The edit was a pleasure and the stories told themselves with little commentary. The stories were told through the characters talking candidly on camera – from relationships and love to loneliness and death.

Creatively, Stephen was given free reign to self shoot the film (him and a soundman). Self-shooting allowed the budget to spend on ‘toys’ for the imminent speed week.

For the main shoot the crew experienced the Salt Flats at their hottest and most hostile - dealing with 45 + degree heat and no shade the crew followed the highs and lows of the week. Parts blowing up and bikers being diagnosed with serious illnesses whilst out in the US, having their dreams shattered and realised.

The crew took with them a specialist camera team to rig all the vehicles. Their task was to capture the sheer adrenalin of going ‘full out on the salt’ on their home made vehicles and the moment of pure isolation and peace the contributors felt after they’d come to a stop, sat alone in the centre of 100 square miles of salt. They also captured the fear of a driver of being trapped inside a vehicle as it filled up with a poisonous methanol at nearly 300mph.

The films received pick of the day in The Sunday Times, Independent on Sunday and Guardian and were Front and centre on Iplayer for both weeks. 

The Guardian wrote that Speed Dreams: The Fastest Place on Earth (BBC2, Sunday) was a lovely film about a bunch of men, many of them hairy, and all better at doing clever things with metal than talking or being attentive to their long-suffering lady friends.

Why can't the BBC produce more decent documentaries like this? Can't wait for next Sunday's episode. > > - What a great show!, I was just about to go to bed and came across it and was hooked for the next hour, interesting, funny and emotional in equal spades.

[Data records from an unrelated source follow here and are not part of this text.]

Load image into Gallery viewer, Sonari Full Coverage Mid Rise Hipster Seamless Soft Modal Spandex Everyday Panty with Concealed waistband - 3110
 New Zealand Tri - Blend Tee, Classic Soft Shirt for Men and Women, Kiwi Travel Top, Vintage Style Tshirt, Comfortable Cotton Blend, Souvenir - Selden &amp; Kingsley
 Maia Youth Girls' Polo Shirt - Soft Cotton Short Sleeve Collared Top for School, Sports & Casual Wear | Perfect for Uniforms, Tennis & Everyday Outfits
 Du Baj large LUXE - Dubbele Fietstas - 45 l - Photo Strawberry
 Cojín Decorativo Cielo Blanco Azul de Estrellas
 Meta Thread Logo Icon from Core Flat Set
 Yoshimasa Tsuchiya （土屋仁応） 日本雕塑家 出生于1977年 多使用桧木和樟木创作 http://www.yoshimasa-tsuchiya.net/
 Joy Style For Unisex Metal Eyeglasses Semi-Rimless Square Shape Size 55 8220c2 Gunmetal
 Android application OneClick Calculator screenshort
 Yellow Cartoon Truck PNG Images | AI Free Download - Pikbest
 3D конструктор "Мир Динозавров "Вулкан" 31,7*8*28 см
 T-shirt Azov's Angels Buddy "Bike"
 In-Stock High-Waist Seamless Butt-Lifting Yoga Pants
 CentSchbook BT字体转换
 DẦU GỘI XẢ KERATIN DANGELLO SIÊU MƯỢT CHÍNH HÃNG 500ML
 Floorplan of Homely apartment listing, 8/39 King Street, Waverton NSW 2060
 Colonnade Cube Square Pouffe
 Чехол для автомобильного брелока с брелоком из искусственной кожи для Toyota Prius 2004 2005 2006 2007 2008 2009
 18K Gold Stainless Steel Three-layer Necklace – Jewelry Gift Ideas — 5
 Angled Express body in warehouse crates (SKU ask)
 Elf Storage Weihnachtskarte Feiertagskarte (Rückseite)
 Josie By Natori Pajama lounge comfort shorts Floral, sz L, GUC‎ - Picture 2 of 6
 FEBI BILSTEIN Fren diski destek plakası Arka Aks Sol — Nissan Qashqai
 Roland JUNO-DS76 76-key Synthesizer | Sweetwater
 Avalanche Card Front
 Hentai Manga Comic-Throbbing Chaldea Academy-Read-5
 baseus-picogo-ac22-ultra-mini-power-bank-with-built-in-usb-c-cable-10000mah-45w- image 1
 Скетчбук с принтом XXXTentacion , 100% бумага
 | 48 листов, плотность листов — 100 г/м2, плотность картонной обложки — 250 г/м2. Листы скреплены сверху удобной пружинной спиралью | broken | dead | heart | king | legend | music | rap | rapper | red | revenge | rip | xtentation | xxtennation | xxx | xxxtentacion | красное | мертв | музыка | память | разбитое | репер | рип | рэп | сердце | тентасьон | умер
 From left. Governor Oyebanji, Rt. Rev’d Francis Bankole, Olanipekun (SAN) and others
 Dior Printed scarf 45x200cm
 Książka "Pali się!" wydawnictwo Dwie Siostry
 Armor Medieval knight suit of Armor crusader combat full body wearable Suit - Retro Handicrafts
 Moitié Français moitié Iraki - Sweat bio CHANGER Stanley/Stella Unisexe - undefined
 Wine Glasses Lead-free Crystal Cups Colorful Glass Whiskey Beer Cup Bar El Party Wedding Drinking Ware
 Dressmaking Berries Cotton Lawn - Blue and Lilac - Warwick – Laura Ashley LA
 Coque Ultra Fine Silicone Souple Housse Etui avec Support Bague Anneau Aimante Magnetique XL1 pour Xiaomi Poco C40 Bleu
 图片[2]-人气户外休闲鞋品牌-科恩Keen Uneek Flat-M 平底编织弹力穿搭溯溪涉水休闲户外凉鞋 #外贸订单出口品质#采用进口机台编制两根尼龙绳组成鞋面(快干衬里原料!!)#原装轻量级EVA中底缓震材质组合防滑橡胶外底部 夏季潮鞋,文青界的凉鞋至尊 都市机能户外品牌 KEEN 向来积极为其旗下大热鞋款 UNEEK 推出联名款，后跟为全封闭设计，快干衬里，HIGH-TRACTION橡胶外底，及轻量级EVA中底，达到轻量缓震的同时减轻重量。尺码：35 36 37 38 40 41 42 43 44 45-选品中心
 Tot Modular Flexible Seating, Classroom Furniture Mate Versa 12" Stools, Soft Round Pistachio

People knock the BBC but from a petrol heads viewpoint this was them at their best. > > I take my hat off to all those involved the level of ingenuity and engineering was excellent and everything that is "Great" about Britain > > -why do people pay the licence fee? Oh I forgot its for the few programmes like this. > > - Some decent TV for adults on a Sunday evening with an IQ of more than 3 !! > > - Fantastic series enjoyed all two hours of it completely. > > - Make more please BBC!

I echo those last comments.  So many people asked when is episode 3, and every year we have been back, is it being filmed again?